Tuesday, August 28, 2007

Week 10 Thing 15 (Library 2.0 and the Future of Libraries)

I read several of the suggested selections because I badly need an overview to make sense of what I've learned so far. Wikiopedia, Library 2.0 offered me the definition of terms I've been wanting as well as an explanation of trends and concepts that I've noticed in Commerce and the library for some time and wondered, 'Where are we going?' A Temporary Place in Time offers a peek into a future of library possibilities that seem to offer all the best of 'place' and 'virtual.' The place we wish we'd had and never could have afforded and the sensory enhanced world of knowledge and knowledge of the world by 'virtual' experience.

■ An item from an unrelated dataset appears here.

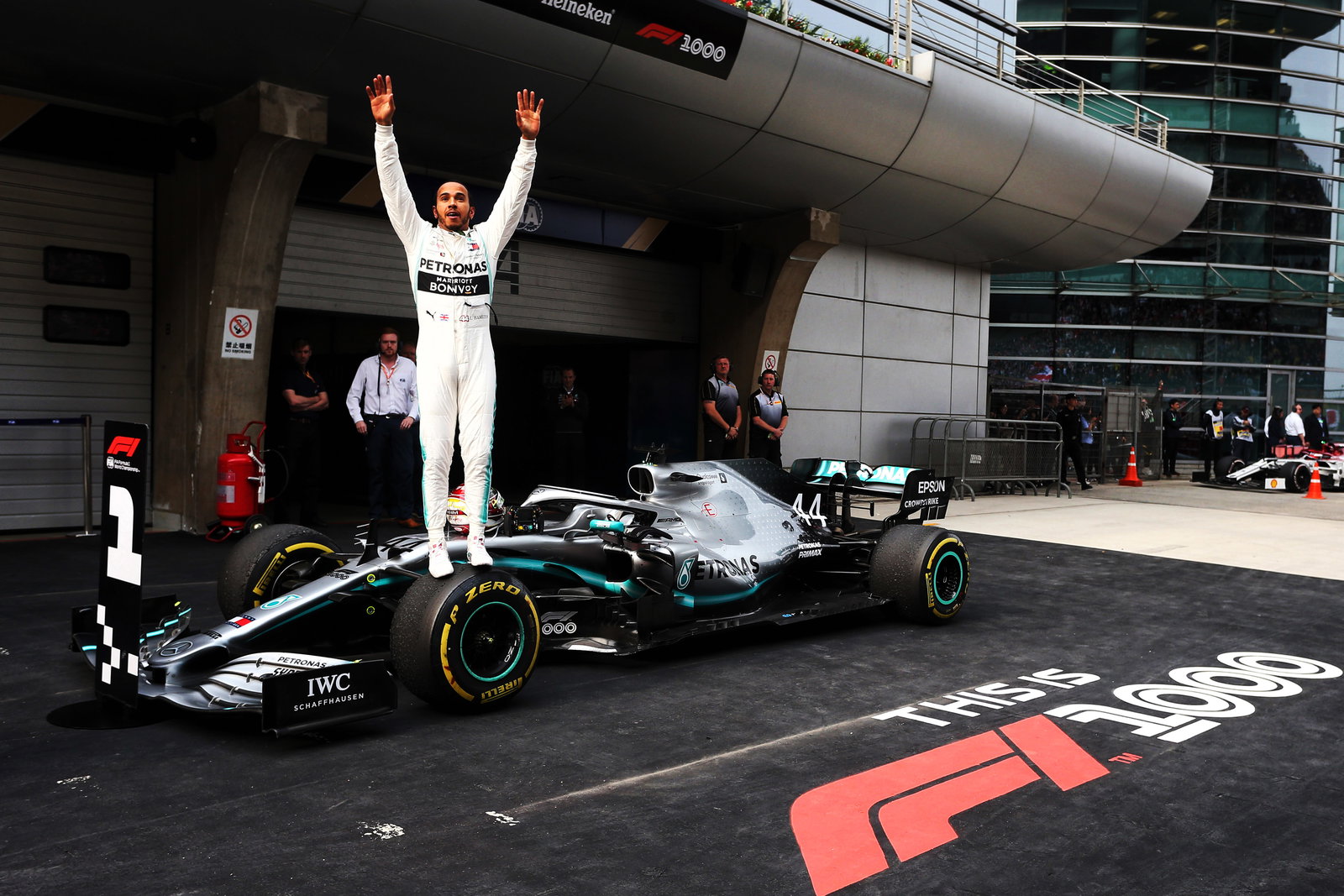 F1 2023 calendar: Five things you may have missed...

The discussion of long tails as a business model I found inspirational in counteracting the alarm I feel in Blockbusters when I see the number of video choices shrinking and the number of copies of current movies blooming like flowers in "Little Shop of Horrors" (an interesting movie no longer available there, by the way), usually in horrible fangy, blood dripping, psycho-sexual crazed glory. And I'm sad and frustrated because, where oh where are there good movies to choose from? I've seen all the ones in the library. Answer, I'm looking at short tail marketing. But I am cheered because marketing experiments have discovered a way to meet the less popular demands of the many.

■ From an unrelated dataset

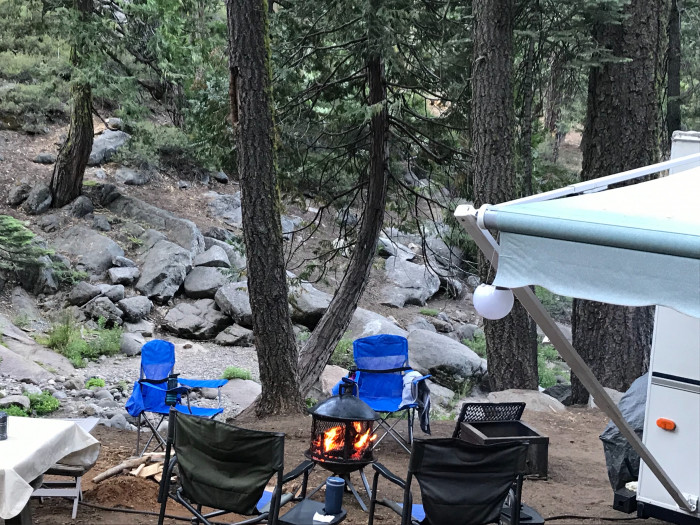 Bear River Lake Resort Pioneer, CA Campground Reviews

I understand I'm looking at a warehousing and transportation high overhead marketing choice when I stand in Blockbusters and that Netflix, with their all-in-one-place storage offers me an online option for ordering almost any movie from the past I'd want to see. For a monthly fee. Netflix finds patrons galore for their 'deeper' collection. Long Tail.

It is clear that libraries have the same space vrs interest problems and that Library 2.o offers and that even for just this one problem, OPAC systems, especially visual OPAC, offers the solution. The recent move to a 'shared collection' was just a drop in the bucket. Information sharing, resource sharing, is the only way libraries could possibly keep up with the explosion of information dawning in our time. I get it.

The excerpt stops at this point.